I do my best not to read the Daily Mail for one very good reason: I like to pretend to myself the world is a nice place, and its terrifying outpourings of bigotry make that quite tricky.

Last week the lower-case-c conservatives turned their malignant attentions to Russell Brand. Now, vitriolic racism and being the embodiment of all that is wrong with society I can handle, but attacking a comedian I like? That I will not stand for...

On his BBC Radio 2 podcast (which anyone with the faintest whiff of a sense of humour should listen to every week) Russell mentioned a Mail article about his autobiography. It carpet bombed bile and criticism over the left, Russell, his fans, the Guardian, the BBC, the other tabloids, cat lovers and lonely people. Good going, even for the Mail.

Article author Alison Boshoff apparently thinks someone who had a Thai prostitute bought for him by his father should keep schtum about it. She also took exception to Russ having watched his father's porn when he was at primary school. So a boy had a premature sexual awakening thanks to a negligent parent. How it's conceivable, even in the most closed and hateful of minds, that it could be the child's fault I don't know. As for keeping quiet, it's a mystery to me what that would achieve.

Boshoff writes disapprovingly: "Auntie is keeping faith with him, no matter how distasteful the skeletons in his closet are." I don't know why I'm surprised at this attitude. It won't come as a shock to anyone that the Daily Mail is of the 'lock-them-up-and-throw-away-the-key' school of rehabilitation, but naively, I didn't think it would apply to ex-addict, promiscuous TV presenters who've never claimed to be anything but.

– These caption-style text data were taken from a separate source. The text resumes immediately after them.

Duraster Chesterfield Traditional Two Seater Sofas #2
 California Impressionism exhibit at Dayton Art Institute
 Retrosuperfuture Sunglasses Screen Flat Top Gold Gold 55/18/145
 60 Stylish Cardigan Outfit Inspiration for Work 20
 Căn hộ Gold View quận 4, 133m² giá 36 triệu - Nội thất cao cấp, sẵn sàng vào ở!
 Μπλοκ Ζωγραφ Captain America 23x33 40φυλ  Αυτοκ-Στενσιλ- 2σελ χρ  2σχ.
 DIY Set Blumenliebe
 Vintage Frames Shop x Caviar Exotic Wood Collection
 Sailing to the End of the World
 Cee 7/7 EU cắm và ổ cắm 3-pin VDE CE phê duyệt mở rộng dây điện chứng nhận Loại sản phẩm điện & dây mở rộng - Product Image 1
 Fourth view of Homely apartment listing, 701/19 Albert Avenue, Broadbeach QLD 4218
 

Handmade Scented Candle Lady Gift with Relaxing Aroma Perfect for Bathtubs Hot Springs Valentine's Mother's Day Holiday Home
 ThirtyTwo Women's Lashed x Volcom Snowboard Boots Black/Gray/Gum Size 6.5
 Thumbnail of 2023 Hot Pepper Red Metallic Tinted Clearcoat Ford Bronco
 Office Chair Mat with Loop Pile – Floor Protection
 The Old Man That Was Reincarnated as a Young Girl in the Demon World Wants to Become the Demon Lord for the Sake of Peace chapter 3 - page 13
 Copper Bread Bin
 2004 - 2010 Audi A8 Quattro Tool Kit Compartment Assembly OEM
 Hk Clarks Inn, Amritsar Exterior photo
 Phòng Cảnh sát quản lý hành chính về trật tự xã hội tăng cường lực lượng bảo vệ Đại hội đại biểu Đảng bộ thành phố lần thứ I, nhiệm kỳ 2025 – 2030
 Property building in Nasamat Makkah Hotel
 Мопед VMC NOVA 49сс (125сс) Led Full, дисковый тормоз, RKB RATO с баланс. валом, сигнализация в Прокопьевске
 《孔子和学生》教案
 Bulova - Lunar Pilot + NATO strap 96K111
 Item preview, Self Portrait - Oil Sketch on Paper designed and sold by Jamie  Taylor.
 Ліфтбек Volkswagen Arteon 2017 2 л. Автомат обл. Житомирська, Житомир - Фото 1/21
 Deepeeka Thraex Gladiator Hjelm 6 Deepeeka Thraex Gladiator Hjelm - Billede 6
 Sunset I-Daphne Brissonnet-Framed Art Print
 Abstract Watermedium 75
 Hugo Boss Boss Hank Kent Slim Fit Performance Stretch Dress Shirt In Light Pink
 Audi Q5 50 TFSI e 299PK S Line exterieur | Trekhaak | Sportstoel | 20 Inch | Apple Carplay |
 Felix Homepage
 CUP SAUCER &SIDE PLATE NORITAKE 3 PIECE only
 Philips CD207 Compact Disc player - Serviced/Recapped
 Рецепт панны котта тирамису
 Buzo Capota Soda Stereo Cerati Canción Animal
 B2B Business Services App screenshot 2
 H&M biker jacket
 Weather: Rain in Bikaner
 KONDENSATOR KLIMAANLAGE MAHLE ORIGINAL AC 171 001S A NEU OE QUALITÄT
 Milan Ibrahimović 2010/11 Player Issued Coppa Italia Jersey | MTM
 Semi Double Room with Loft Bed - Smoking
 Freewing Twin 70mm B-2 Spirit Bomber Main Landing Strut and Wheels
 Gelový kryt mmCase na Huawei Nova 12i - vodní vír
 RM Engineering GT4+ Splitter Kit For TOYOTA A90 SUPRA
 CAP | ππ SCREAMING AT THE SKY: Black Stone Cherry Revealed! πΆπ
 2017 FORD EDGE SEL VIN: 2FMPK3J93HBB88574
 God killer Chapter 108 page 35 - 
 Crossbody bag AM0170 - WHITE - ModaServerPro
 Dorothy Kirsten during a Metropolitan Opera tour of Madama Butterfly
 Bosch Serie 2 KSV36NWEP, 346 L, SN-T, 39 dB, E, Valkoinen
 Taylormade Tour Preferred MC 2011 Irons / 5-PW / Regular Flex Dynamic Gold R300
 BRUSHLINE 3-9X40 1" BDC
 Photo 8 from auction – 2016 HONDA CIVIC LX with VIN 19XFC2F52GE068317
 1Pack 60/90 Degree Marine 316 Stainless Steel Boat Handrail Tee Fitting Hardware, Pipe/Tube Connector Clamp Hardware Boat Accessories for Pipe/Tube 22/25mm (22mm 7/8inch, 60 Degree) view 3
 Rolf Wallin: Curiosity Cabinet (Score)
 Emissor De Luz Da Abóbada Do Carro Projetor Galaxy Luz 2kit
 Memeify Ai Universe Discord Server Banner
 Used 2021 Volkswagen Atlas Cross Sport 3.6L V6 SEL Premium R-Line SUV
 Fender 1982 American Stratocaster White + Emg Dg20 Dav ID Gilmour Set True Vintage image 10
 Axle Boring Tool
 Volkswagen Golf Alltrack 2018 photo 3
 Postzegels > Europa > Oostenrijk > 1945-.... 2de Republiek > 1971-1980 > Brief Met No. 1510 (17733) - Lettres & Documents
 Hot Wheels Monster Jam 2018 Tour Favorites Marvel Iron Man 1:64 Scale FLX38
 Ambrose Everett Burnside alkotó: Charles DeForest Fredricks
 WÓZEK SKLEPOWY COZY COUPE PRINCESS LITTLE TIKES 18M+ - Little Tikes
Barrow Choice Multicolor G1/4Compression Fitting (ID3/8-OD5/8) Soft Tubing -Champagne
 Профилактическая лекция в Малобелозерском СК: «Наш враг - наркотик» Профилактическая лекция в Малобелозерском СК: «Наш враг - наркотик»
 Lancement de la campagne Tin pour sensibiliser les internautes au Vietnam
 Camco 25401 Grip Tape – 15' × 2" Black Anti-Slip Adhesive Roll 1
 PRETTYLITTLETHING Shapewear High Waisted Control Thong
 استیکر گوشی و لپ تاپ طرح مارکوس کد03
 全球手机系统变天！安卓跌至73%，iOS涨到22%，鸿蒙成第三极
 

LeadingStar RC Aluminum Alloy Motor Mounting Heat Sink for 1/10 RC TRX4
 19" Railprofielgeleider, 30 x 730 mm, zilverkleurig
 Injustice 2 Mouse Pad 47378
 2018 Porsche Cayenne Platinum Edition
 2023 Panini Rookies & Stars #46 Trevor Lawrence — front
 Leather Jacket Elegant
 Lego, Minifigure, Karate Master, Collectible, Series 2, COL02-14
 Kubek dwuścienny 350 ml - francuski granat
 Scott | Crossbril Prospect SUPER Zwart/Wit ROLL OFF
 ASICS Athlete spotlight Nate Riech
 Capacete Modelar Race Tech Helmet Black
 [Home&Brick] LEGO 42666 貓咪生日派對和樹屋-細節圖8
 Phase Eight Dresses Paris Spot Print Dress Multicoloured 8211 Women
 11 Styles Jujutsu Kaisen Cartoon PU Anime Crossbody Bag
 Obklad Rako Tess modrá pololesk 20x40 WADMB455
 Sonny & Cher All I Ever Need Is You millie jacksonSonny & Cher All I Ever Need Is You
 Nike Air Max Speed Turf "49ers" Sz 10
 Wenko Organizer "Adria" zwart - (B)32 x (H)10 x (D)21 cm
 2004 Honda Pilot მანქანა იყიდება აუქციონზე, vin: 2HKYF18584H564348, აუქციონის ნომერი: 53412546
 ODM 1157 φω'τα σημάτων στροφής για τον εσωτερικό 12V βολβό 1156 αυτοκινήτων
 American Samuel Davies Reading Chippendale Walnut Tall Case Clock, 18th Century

More worrying than The Mail's lack of compassion is its attempt to set itself apart from the other tabloids. In this article it calls The Sun "a downmarket red-top newspaper". Thus it allows its readers to think themselves 'upmarket' and tells them they're different to the 'yobs' who read The Sun or The Mirror. They probably are different: they're probably wearing suits and they probably have more abhorrent views.

No-one would ever think "I'm a Sun reader. I know about the world." The Sun is not for people who take politics seriously. The Mail, in styling itself as a paper that does just that is far more dangerous.